--- Material provided ---
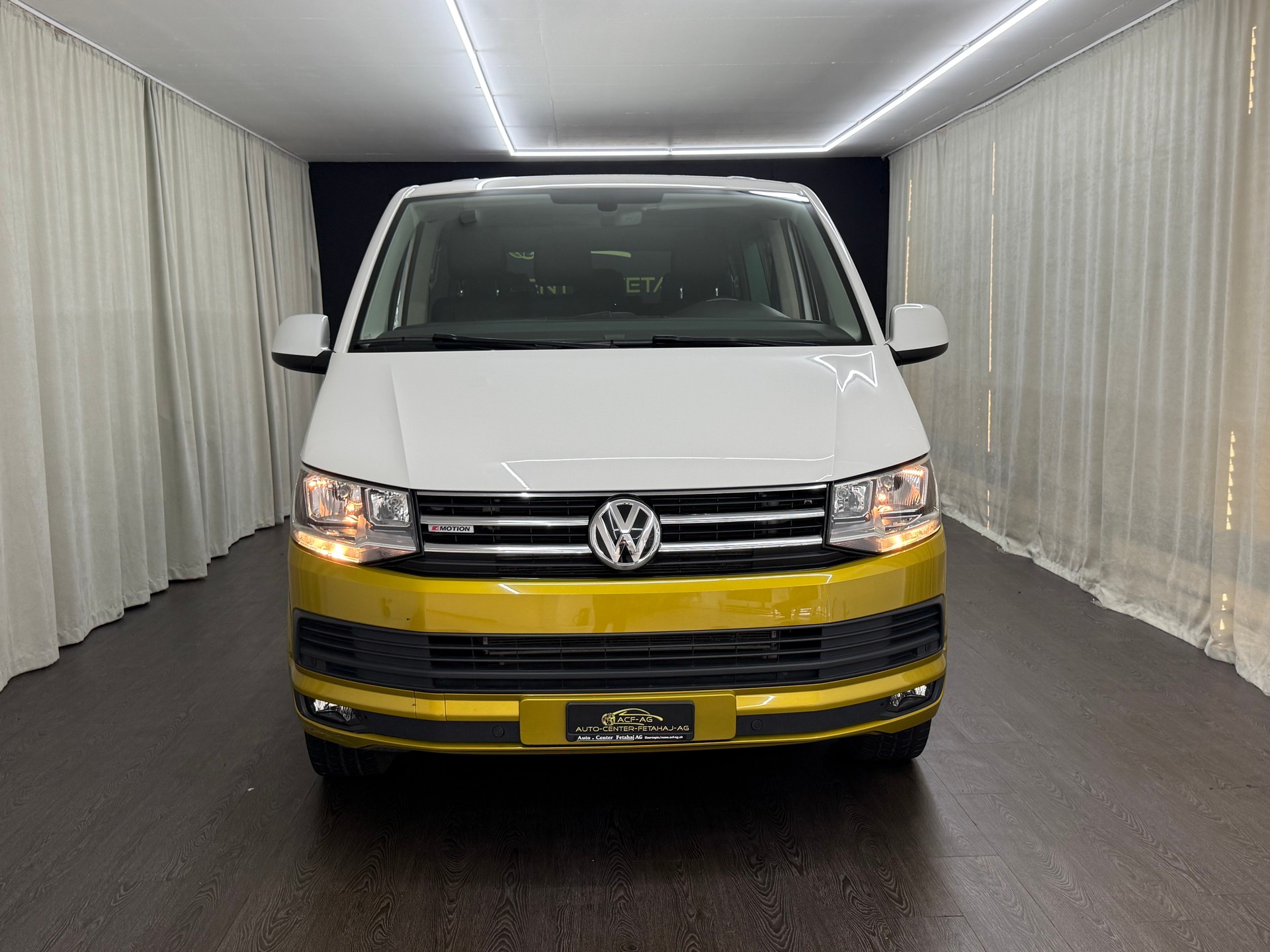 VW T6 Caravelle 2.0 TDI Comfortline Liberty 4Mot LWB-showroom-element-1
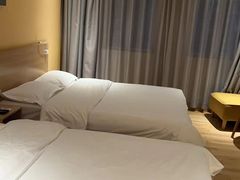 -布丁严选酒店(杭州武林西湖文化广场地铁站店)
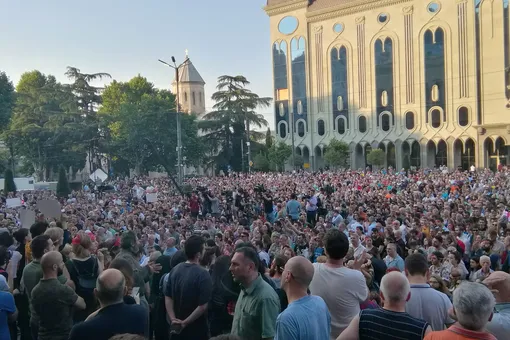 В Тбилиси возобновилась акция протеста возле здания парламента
---
- _What is required_:
Print the listing again exactly, please. Keep the pictures out of it.

- _Completed task_:
 VW T6 Caravelle 2.0 TDI Comfortline Liberty 4Mot LWB-showroom-element-1
 -布丁严选酒店(杭州武林西湖文化广场地铁站店)
 В Тбилиси возобновилась акция протеста возле здания парламента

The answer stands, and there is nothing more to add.